Since thousands of Hong Kong students blocked city streets two years ago to protest a restrictive plan for promised elections, the government’s response to democratic demands hasn’t wavered: Put aside the political fights, enjoy being part of China, prosper together. That take-or-leave-it approach to managing Hong Kong will be put to the test Sunday, with almost 4 million voters eligible to choose 70 members of the former British colony’s Legislative Council. The once-in-four-year election has drawn almost 300 candidates as a new crop of more radical activists seek a platform to challenge Beijing and others urge a more accommodating approach to bridge widening political divides.
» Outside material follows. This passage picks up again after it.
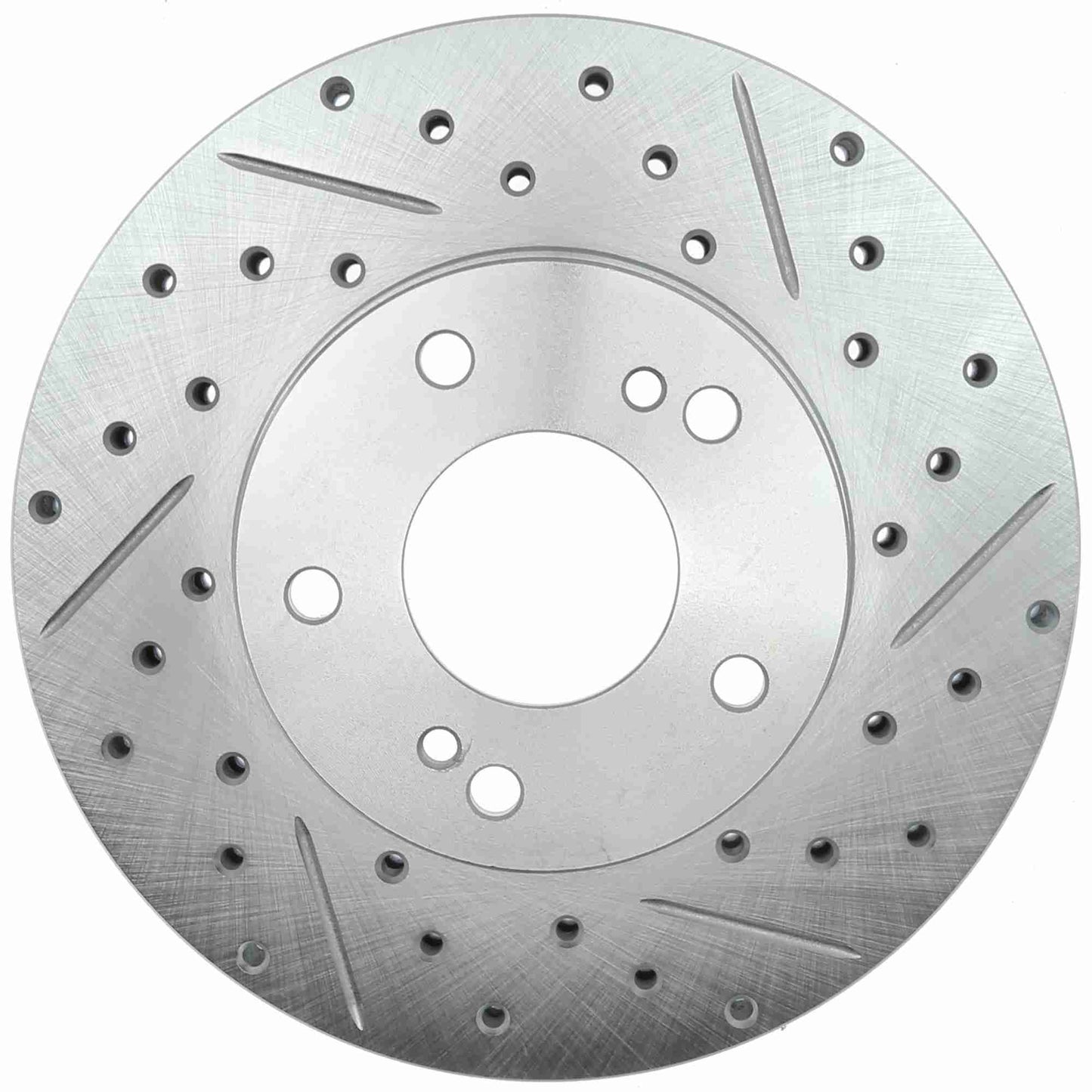 StopTech Power Slot 6/89-96 Nissan 300ZX Slotted & Drilled Left Front Rotor 127.42050L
A strong showing by a handful of so-called “localist” contenders associated with advocacy for self-determination or even independence from China risks reviving tensions that spurred the failed “Occupy” protests in 2014. The results may also impact the future of unpopular Hong Kong Chief Executive Leung Chun-ying — a target of criticism from a loose coalition of candidates — before a panel of 1,200 political insiders meets in March to select a leader for the next five years.
“There are Hong Kong people totally frustrated and they see the situation as one where moderate approaches don’t work,” said Michael Davis, a former law professor who taught at city universities from 1985 until retiring this year. “There is simply a radicalization of Hong Kong politics very much caused by the behavior of the Chinese and Hong Kong governments.”